An advanced technique to fending off bots, detailed to me by Integral Ad Science CEO Scott Knoll, is to analyze the browser itself in real-time. It’s something akin to the “Voight-Kampff” Empathy test in “Blade Runner.” (Yes, I’m going full-blown nerd on you.) To tell the difference between a human and a replicant (basically an android with organic parts), a psychological test is administered using tools that measure bodily functions (in particular, eye movement). Replicants have a tell-tale reaction – an eye twitch.

In a similar fashion, the service provider rapidly fires a series of questions at the browser when it arrives on site and analyzes the answers in real-time. Bot-powered browsers will always respond with some detail that gives away their non-human status. Through bypassing unreliable blacklists, theoretically this method would seem to better ensure only real eyeballs are shown ads.

Always keep in mind that scammers are constantly upping their botnet game, building smarter programs that can fool detection. To reference “Blade Runner” again, the advanced-model replicant Rachael requires more than 100 questions before giving herself away; the average is 20-30.

Opportunity Knocks

Within the preventive measures lies the opportunity. While the slew of bot-related articles in the trades contain a great deal of finger-pointing (It’s the networks’ fault! It’s the exchanges’ problem!), the real lesson for advertisers here should be that the the days of wild cookie-chasing are coming to a close.

The best way for advertisers to avoid massive amounts of fraudulent traffic is to work with proven publishers – if agencies want to buy programmatically to use first and third-party data, they’re better off employing the private exchanges of publishers they already trust (e.g., buy directly from) than braving the fraud-riddled open exchanges.

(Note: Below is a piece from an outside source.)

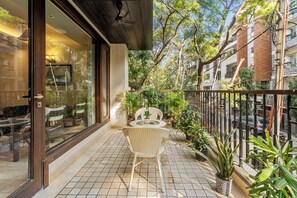 Deluxe Apartment | Balcony - Geet by Akama Homes (New Delhi)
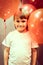 Portrait of a little happy candid smiling caucasian five year old kid boy in white t-shirt with red balloons against the backgroun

For publishers, then, a certification of bot-free traffic is an incentive in getting advertisers to increasingly work with you directly and programmatically – it should be treated as leverage in negotiating as it shows you’re concerned about ads only being served to humans. Just as forward-thinkers like USA TODAY, Gawker and the Washington Post are designing ad products that make viewability tools redundant, pro-active publishers will use this “fraudulent traffic crisis” to their advantage in reeling in more revenue.